■ Data block:
§
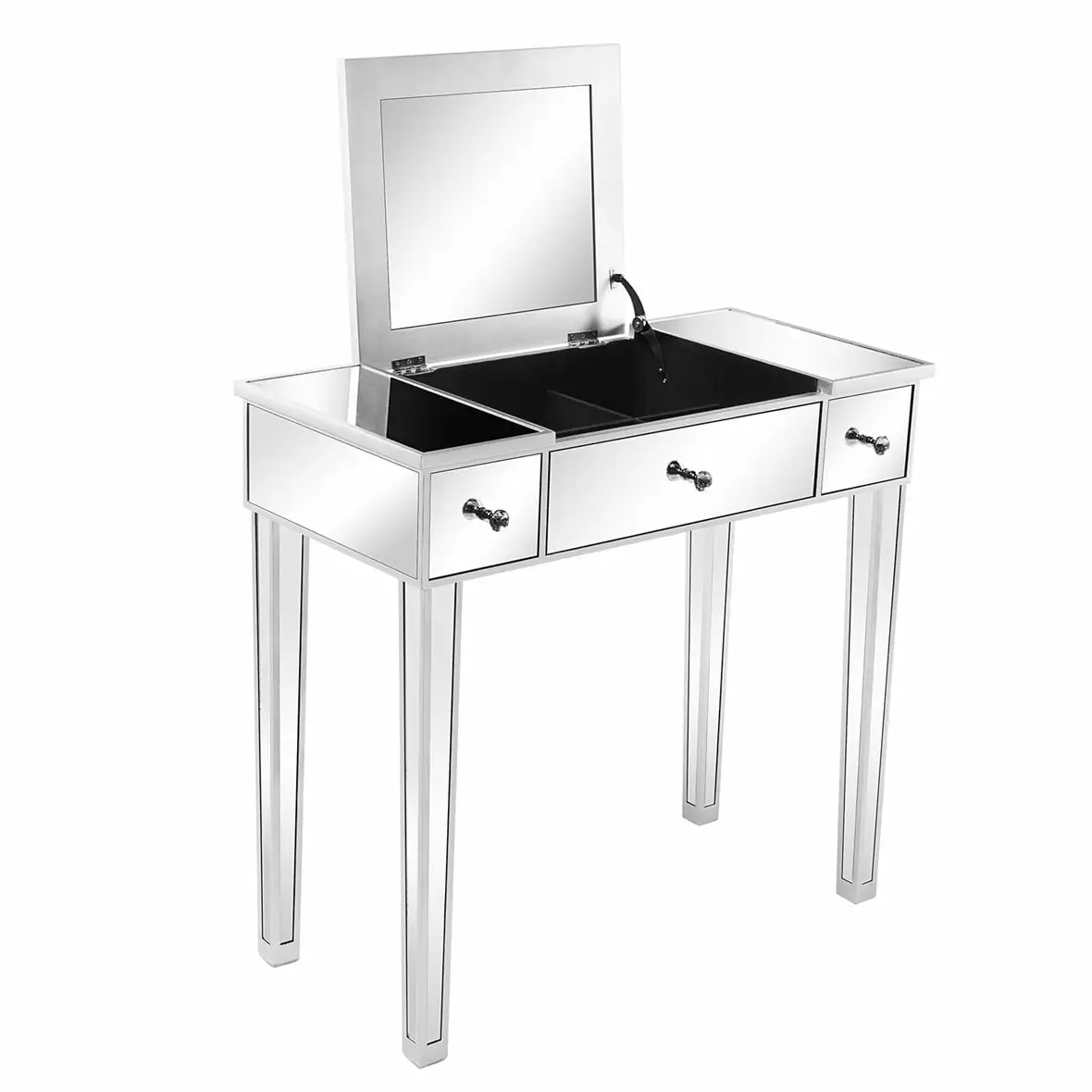 80x38x76cm MDF Computer Desk Mirror Surface - Flip Top Silver Modern Workstation Small Spaces KAAYEE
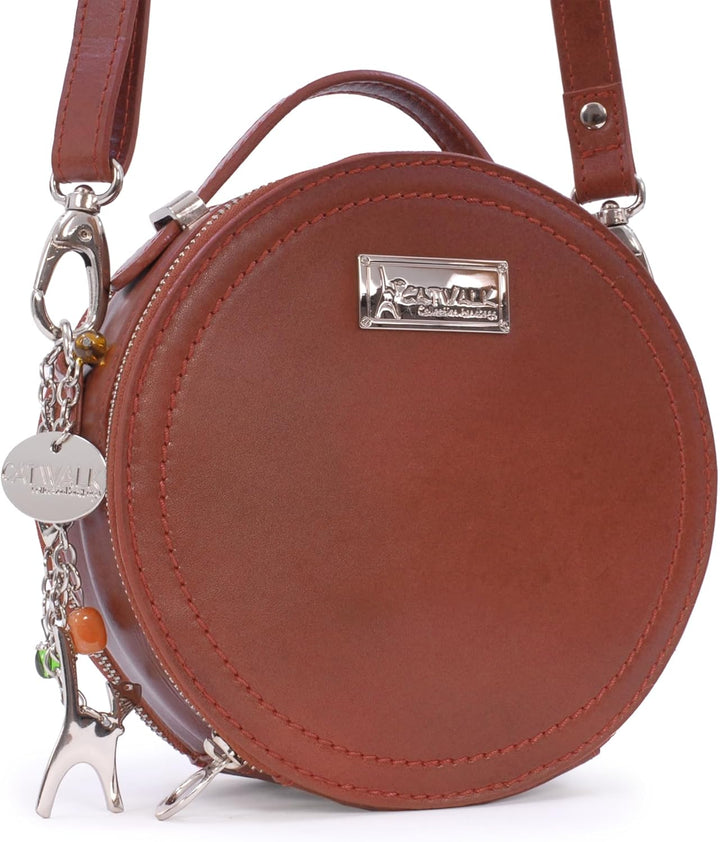 Catwalk Collection Handbags - Damen Runde Leder Umhängetasche - Henkeltasche/Handtasche Klein - Abne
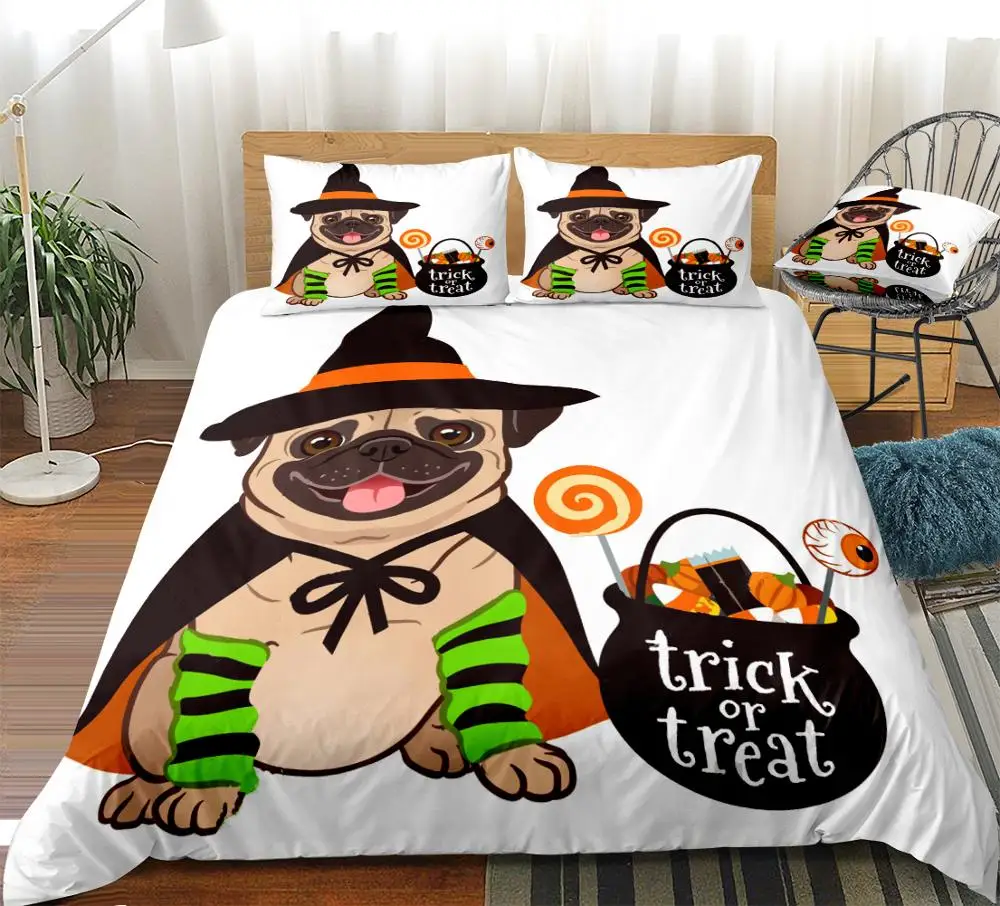 3PCS Halloween Pug Bedding Kids Boys Girls Cute Dog with Witch Costume Duvet Cover Set White Home Textiles Cartoon Dog Dropship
§
■ Task statement: When you return the listing, keep each line exact and leave the pictures out.

■ Answer below:
 80x38x76cm MDF Computer Desk Mirror Surface - Flip Top Silver Modern Workstation Small Spaces KAAYEE
 Catwalk Collection Handbags - Damen Runde Leder Umhängetasche - Henkeltasche/Handtasche Klein - Abne
 3PCS Halloween Pug Bedding Kids Boys Girls Cute Dog with Witch Costume Duvet Cover Set White Home Textiles Cartoon Dog Dropship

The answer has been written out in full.